3.2. Three-Point Bending Tests

3.2.1. Test Result

By considering the influence of sodium hydroxide, the fiber content, and the fiber length on the flexural performance of the ecological cementitious coal gangue, based on the principle of mathematical statistics and orthogonality, an orthogonal test was carried out according to the principle of “balanced dispersion” and “neat and comparable,” and the range and variance were used in conjunction with each other to conduct a scientific and effective analysis of the test factors.

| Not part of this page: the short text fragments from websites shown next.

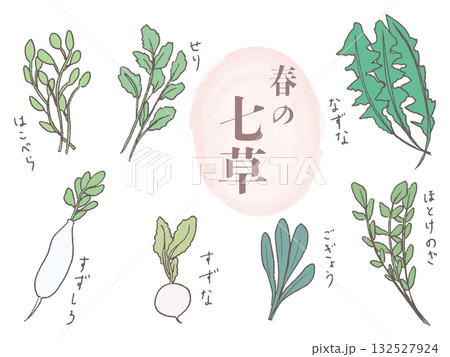 手描きの春の七草セット 132527924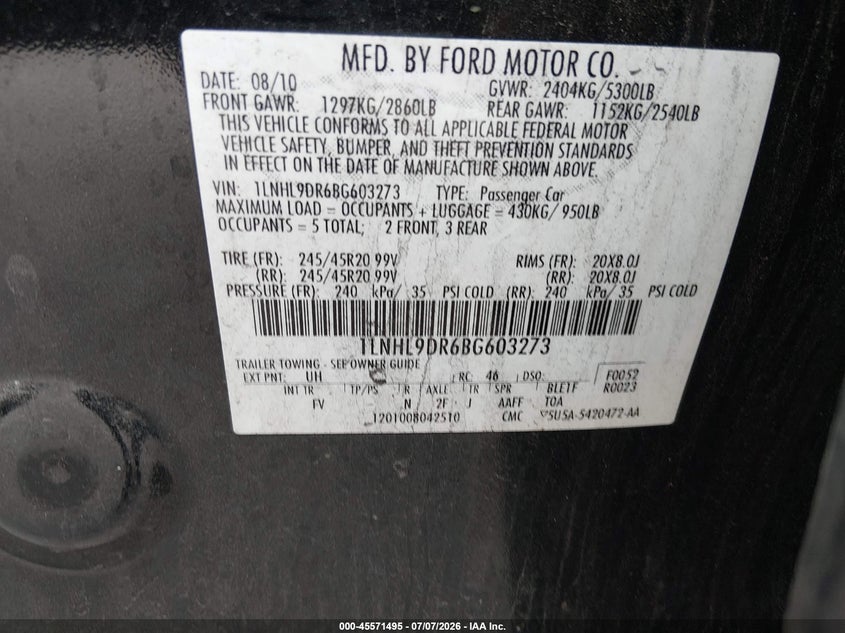 2011 Lincoln Mks VIN: 1LNHL9DR6BG603273 Lot: 45571495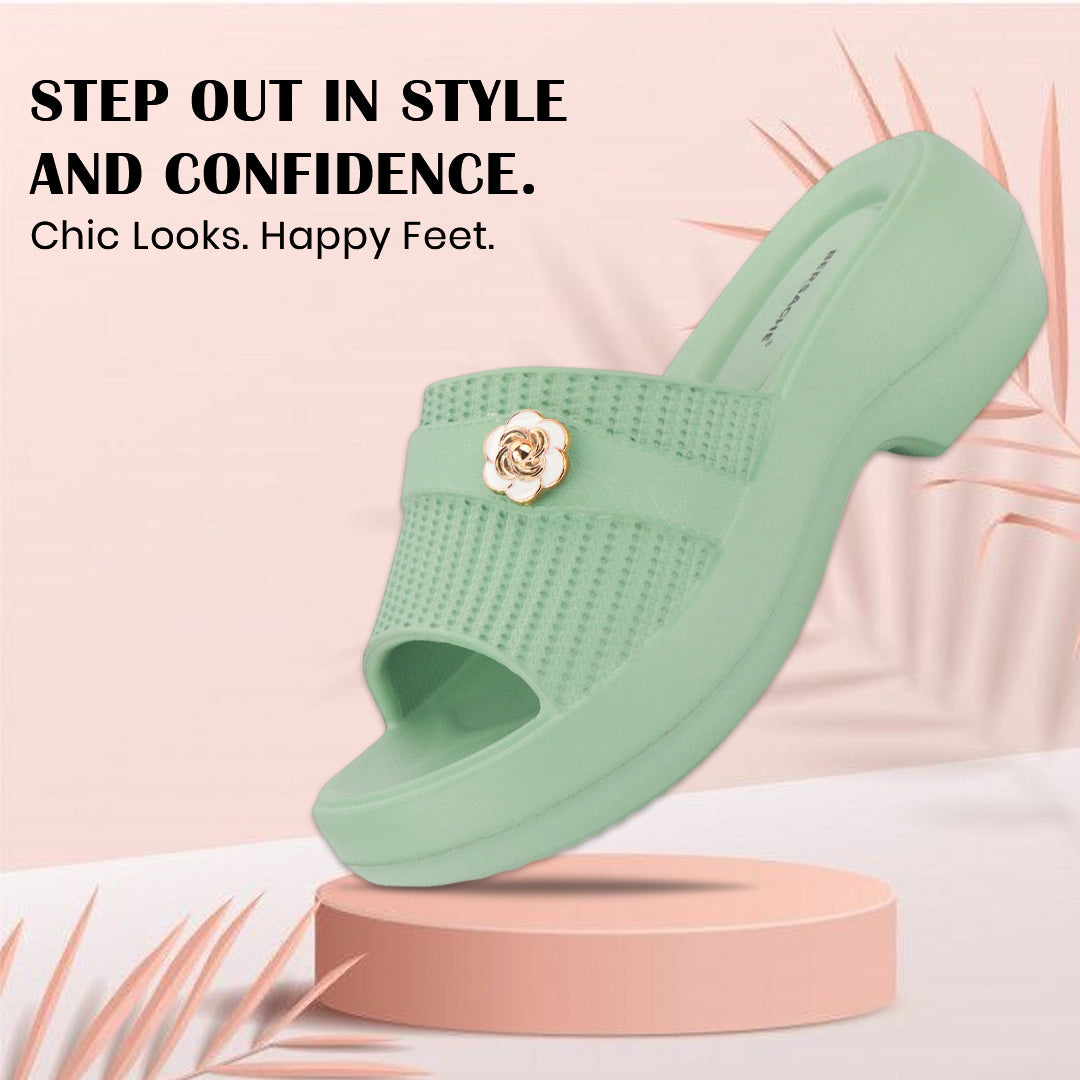 Bersache Extra Soft Classic Casual with Regular wear with Ultra Soft & Flexibility Technology Sandals for Women's-(6293-Green)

The load corresponding to the peak point on the loading curve in the three-point bending test was recorded as the maximum load that the sample could bear. According to the basic theory of elastic mechanics, the formula for calculating the flexural strength of composite materials is as follows:

$$f_f=\frac{3FL}{2b{h}^2}$$

(3)

where $f_f$ is the flexural strength of the sample, $\mathrm{MPa}$; $F$ is the failure load of the specimen, $\mathrm{N}$; $L$ is the span between supports, $\mathrm{mm}$; $b$ is the width of the sample section, $\mathrm{mm}$; and $h$ is the height of the sample section, $\mathrm{mm}$.

The orthogonal test results are shown in

Table 9. Orthogonal test results.

Sample Number	A/%	B/‰	C/mm	Blank Column	Rupture Strength/MPa
F1	1	4	3	1	0.67
F2	1	5	6	2	0.81
F3	1	6	9	3	0.89
F4	2	4	6	3	1.25
F5	2	5	9	1	1.43
F6	2	6	3	2	1.12
F7	3	4	9	2	1.73
F8	3	5	3	3	1.64
F9	3	6	6	1	1.52

, wherein the blank column shows the error analysis values.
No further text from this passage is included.